- **What to produce**
Below are the records; tally the lines that include "Nude" and report only the total.

- **Extracted material**
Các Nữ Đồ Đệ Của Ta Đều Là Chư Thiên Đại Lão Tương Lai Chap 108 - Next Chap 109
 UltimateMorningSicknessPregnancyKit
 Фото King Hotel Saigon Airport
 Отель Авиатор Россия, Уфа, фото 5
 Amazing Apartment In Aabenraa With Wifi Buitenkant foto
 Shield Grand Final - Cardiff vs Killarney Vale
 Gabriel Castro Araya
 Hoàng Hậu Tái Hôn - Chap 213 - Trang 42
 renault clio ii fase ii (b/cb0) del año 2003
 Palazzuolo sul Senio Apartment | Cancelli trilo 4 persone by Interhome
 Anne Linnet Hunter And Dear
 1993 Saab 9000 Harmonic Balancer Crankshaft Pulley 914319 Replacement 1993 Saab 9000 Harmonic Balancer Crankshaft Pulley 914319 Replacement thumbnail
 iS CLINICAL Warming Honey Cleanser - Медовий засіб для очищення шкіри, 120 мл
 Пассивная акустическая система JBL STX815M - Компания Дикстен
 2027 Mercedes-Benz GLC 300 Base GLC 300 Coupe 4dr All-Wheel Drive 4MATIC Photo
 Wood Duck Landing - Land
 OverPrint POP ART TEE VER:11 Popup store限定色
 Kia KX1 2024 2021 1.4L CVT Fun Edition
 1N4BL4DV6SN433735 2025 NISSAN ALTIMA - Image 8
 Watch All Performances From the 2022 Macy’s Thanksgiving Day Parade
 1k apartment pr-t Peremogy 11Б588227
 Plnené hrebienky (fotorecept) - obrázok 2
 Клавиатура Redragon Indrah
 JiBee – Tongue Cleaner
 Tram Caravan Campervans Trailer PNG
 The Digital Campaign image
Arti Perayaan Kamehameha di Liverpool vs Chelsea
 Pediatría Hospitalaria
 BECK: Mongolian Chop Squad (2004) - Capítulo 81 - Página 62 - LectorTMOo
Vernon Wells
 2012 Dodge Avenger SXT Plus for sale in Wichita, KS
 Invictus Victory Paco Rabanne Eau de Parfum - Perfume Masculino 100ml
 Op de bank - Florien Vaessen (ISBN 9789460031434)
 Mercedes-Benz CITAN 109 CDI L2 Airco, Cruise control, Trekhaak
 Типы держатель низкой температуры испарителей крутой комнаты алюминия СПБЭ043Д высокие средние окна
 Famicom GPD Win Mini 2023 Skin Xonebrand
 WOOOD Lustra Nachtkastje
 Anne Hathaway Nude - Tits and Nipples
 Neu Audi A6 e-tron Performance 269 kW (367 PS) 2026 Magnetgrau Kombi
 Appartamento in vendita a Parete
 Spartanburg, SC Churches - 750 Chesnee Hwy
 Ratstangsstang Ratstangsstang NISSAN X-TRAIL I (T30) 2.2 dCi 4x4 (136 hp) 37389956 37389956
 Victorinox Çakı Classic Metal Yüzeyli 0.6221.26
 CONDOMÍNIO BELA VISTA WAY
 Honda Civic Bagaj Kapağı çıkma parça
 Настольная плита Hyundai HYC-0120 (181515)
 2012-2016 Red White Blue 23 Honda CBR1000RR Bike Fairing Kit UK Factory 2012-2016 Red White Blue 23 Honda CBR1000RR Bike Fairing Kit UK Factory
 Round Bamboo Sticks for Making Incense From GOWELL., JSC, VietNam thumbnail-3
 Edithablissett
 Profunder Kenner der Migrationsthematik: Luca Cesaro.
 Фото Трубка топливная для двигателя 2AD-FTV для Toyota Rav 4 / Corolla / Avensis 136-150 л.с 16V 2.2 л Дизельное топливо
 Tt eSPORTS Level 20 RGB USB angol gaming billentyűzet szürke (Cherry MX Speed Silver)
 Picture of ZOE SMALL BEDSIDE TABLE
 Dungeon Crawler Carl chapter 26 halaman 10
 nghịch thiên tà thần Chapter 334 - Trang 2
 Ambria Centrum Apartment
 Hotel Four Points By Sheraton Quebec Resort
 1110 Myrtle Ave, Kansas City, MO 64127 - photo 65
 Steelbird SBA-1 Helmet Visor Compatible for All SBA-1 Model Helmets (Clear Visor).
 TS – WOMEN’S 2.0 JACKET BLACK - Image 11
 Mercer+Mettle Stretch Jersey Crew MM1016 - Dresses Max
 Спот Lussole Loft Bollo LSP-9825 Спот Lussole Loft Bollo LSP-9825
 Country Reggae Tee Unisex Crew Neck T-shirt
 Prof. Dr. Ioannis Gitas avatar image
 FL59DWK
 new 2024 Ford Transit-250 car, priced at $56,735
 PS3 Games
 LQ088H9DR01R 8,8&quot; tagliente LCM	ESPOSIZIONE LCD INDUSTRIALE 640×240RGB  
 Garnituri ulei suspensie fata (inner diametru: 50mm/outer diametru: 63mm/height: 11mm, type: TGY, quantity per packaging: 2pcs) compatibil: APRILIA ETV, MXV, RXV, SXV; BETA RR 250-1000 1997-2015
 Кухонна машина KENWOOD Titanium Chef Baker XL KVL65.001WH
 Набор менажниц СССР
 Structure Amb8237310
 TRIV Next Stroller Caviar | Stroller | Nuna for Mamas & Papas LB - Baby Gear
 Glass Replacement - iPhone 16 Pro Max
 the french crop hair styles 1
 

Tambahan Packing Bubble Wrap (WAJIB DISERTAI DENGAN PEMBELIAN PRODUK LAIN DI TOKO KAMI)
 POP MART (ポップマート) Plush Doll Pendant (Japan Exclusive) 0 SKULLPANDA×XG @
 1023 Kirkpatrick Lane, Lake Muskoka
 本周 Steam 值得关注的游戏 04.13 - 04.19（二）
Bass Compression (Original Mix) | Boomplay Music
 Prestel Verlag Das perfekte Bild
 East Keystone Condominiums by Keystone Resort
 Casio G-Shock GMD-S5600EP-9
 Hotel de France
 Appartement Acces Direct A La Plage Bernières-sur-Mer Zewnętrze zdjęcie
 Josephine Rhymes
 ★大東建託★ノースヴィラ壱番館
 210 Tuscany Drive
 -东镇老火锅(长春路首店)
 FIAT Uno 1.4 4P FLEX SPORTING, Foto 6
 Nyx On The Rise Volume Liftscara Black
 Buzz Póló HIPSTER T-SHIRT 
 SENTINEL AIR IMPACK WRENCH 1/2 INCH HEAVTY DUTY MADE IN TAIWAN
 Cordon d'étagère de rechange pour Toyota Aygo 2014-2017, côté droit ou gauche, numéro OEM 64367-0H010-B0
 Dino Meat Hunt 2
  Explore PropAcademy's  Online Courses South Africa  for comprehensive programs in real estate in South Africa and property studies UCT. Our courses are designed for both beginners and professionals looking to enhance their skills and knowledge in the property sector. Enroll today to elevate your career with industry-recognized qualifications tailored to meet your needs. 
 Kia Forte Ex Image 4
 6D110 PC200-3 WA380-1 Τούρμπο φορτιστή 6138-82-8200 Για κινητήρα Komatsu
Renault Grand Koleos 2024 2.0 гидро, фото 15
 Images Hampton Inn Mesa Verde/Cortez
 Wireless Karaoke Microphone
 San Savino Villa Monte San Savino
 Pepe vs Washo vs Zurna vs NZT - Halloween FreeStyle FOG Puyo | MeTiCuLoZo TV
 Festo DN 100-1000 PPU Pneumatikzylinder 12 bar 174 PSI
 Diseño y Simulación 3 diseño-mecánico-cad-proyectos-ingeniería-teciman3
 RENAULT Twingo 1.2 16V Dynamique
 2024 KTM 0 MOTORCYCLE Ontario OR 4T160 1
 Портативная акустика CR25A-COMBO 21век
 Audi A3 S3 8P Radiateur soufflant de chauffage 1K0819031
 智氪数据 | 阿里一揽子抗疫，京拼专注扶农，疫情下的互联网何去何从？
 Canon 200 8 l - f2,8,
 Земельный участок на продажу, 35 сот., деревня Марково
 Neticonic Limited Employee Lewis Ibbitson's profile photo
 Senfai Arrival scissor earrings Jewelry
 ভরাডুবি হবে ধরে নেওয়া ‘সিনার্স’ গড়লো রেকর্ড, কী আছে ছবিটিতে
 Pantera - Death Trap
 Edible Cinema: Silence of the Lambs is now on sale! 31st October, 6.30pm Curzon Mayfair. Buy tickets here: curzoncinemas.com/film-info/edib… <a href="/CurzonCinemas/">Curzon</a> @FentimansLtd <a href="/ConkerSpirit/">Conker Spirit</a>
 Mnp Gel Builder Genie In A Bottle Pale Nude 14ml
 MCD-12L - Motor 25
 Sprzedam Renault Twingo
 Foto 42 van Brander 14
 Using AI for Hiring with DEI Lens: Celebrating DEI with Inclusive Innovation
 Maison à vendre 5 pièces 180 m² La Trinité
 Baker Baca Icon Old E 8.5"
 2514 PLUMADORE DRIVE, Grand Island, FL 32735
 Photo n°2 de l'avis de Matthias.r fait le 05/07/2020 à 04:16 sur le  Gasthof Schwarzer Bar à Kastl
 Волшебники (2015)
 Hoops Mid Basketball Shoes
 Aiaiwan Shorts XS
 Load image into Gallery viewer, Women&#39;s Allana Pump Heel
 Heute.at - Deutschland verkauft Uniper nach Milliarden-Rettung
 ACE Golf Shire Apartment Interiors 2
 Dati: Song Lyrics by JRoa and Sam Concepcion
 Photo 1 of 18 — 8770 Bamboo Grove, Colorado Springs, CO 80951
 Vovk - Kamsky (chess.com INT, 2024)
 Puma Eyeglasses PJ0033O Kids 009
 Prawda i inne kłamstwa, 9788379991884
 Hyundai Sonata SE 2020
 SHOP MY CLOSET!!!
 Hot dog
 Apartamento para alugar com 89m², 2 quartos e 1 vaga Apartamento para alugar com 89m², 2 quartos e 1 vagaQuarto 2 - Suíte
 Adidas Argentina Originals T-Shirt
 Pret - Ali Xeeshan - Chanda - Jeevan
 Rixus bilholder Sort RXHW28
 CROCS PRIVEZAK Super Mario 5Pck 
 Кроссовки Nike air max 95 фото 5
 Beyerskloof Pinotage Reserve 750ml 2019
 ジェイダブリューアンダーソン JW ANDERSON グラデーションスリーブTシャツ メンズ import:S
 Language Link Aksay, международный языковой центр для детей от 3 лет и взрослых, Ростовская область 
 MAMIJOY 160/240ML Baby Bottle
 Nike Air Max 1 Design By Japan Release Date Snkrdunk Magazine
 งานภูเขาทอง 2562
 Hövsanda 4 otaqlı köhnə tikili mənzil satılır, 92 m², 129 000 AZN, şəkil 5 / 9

- **Result of the exercise**
2